The value of a service to each user increases as new users join the network.

  • Jeff Lawson: There’s only one idea of strategy that seems to have taken hold in the technology world and it is essentially network effects.
  • I remember fundraising for Twilio and there were a bunch of VCs who had listened to the whole pitch and then at the very end, they just said, “And how do you have network effects?”
  • I would say, “Well, we’re not Facebook. If that’s what you’re looking for, it’s the wrong conversation. But there are a lot of ways in which we can build a great business here. It’s not going to be based on network effects though.”
  • What I like is that you talk about other forms of power too.
  • There’s one power called network economies, but there are 6 other powers and great businesses can have any number of these. In fact, several of them can work in conjunction together.
  • Hamilton Helmer: That’s right but first I want to step back and just talk about building a business and how that relates to network effects and network economies.
  • I’m going to use Uber as an example.
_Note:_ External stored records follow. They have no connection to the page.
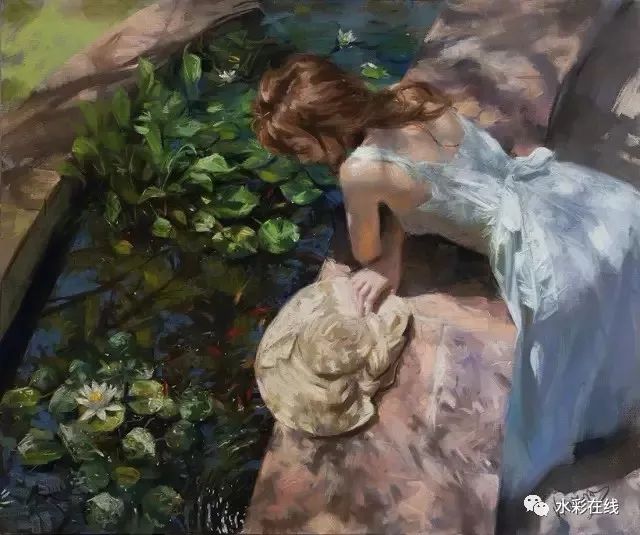 西班牙艺术家vicente romero redondo作品赏析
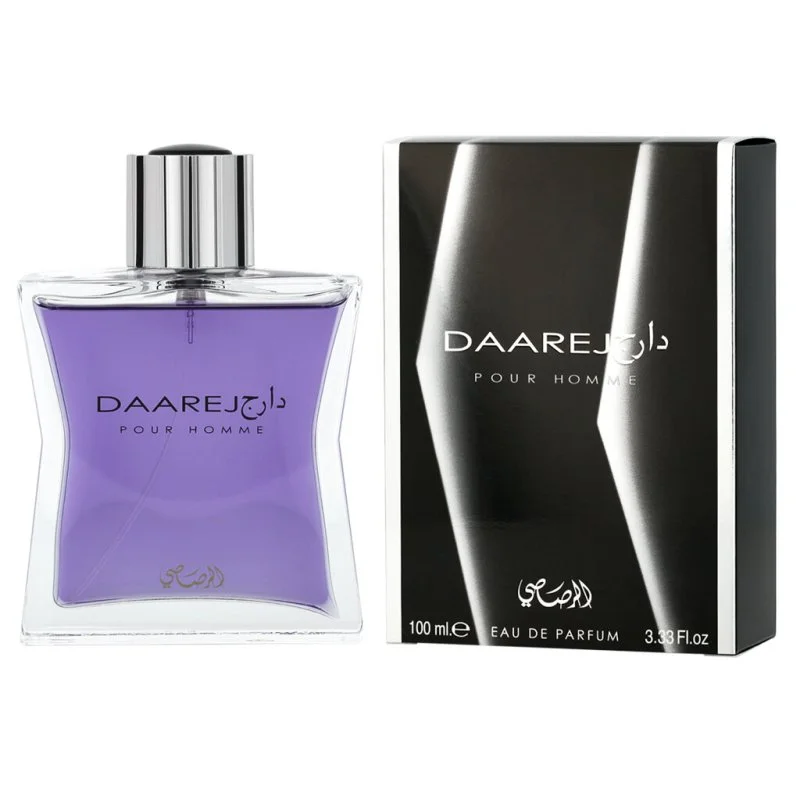 Daarej Pour Homme Eau de Parfum for Men 100 ml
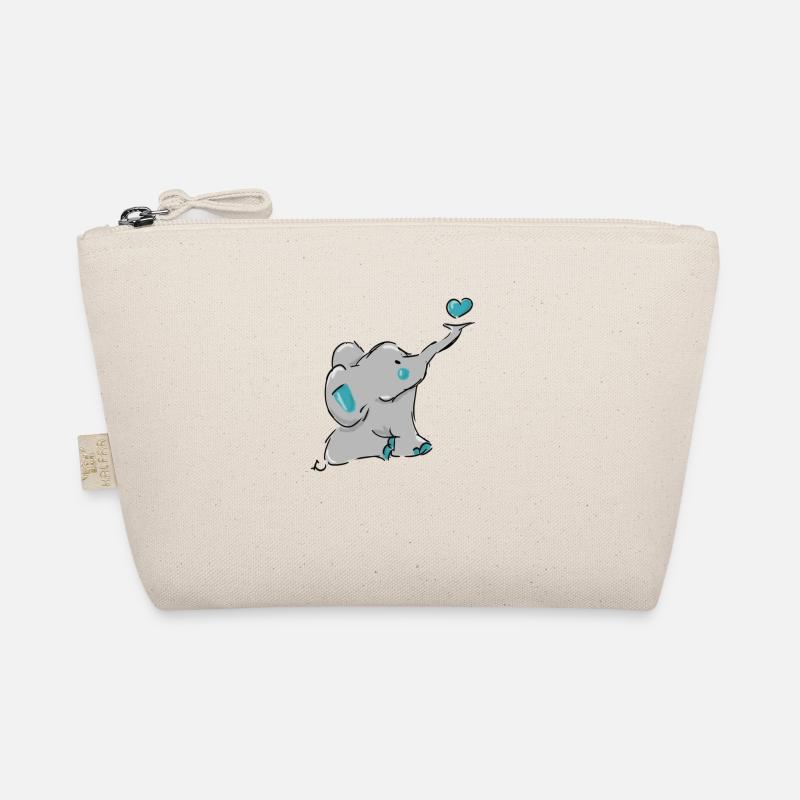 Doux éléphant Trousse biologique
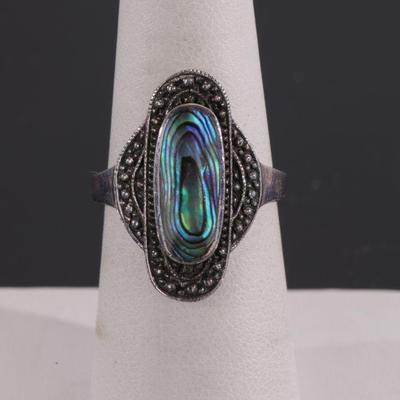 sterling ring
Think of what they’ve been through, creating this incredible invention: a multi-sided platform that revolutionizes human transport, then off the charts scaling. It’s just incredible.
  • The investment community has gone wild for them. You would think that in some way that would be enough as a business person. But the issue there is that you need an economic structure that would capture some of the value that they’ve created because they’ve created enormous value.
  • There’s this incredible value and there are network effects here, but the problem is that more than one company can benefit. Lyft can also take advantage of that incredible value and compete with Uber in that market.
  • Network effects, in this case, are a profound driver of product-market fit. One of the key things about my book is that product-market fit is actually more or less orthogonal to long-term profitability.
  • You can create tremendous value for customers, but you have to be able to keep some of that for yourself. If you don’t, it will end up being a business that’s just not fun to manage, your investors will be after you. Eventually, you’ll probably attract activist investors. Whereas, if you do find a way to have power, you can become an iconic company.
  • So in the case of Uber, if you think of what keeps a competitor at bay, it is that there are scale densities in specific geographies. It’s actually an economies of scale play.
  • But the problem here is that if you ask the question, what happens to the average distance between two entities, like a driver and a passenger for Uber, that varies with the end route?
  • Of course, there’s a two-dimensional space, it’s geographical, so it’s a square root function, which is to say, there are diminishing returns.
  • The larger area you have, the less the advantage an Uber would have over somebody like Lyft. You can easily have two competitors in large markets.
  • They can compete against each other and that will be the basis of their competition. They’ll both benefit from the network economies and so it actually isn’t a source of power.
  • Network economies are one of those things that’s profoundly important for product-market fit, but it’s one that is much rarer in power. That’s a confusion that often takes place.

Network Effects Bible

2. Cornered Resource

A business that leverages a cornered resource has preferential access at attractive terms to a coveted asset that can independently enhance value.

  • Hamilton Helmer: If you have rights to certain resources, or assets of some sort, and those can’t be taken away from you, that’s what I call a cornered resource.
  • They are materially valuable and sufficient so that if they were transferred to another company, they would also enjoy the economic benefit of them.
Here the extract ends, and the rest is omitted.